### Data shown
┄┄┄┄┄┄

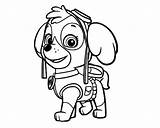 Paw Patrol Coloring Pages Skye Clipart Drawing Zuma Marshall Color Printable Line Getcolorings Clipartmag Comments Print Colo Coloringhome sketch template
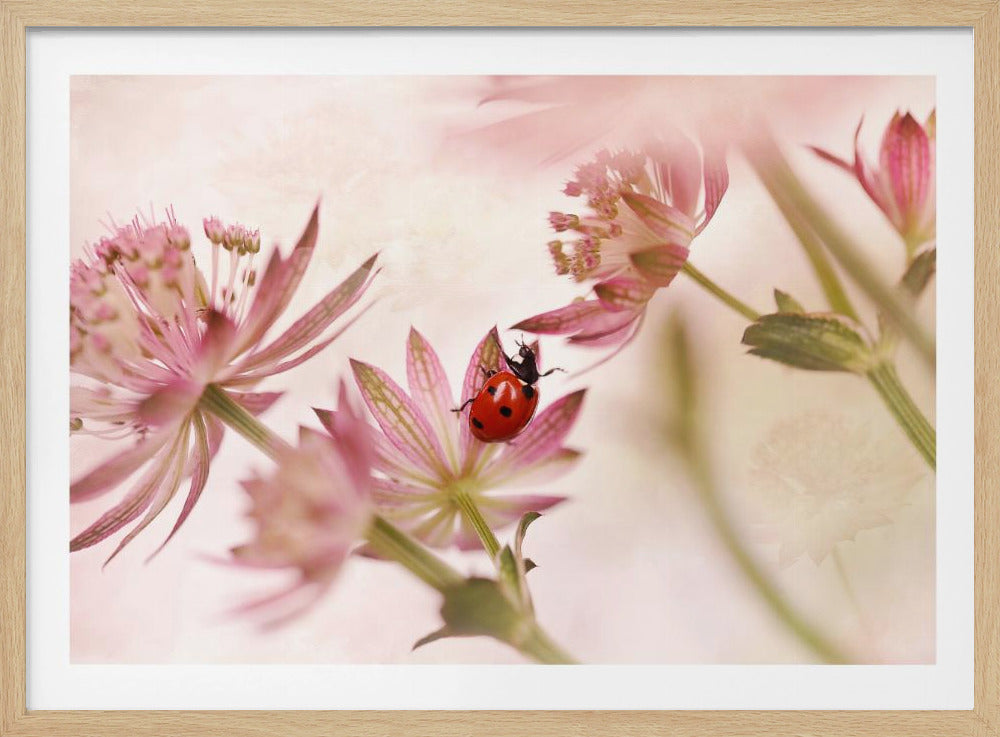 Ladybird and pink flowers - Poster / Art Print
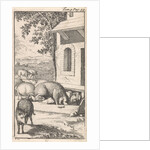 Sancho sleeping in a pig trough before a farm by Pieter Mortier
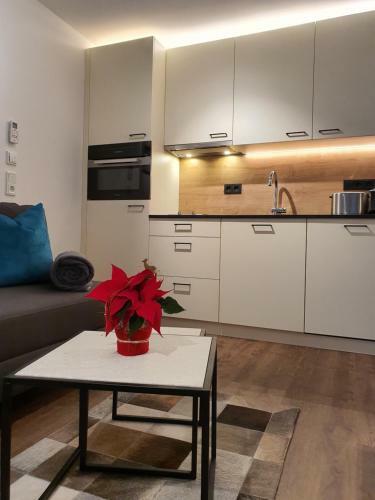 Apartment Leontina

┄┄┄┄┄┄

### Instructions for the task
Each line from the one containing "Sancho sleeping in" to the final line of the data must be printed exactly, both included, with nothing else and no pictures.

### Answer section
 Sancho sleeping in a pig trough before a farm by Pieter Mortier
 Apartment Leontina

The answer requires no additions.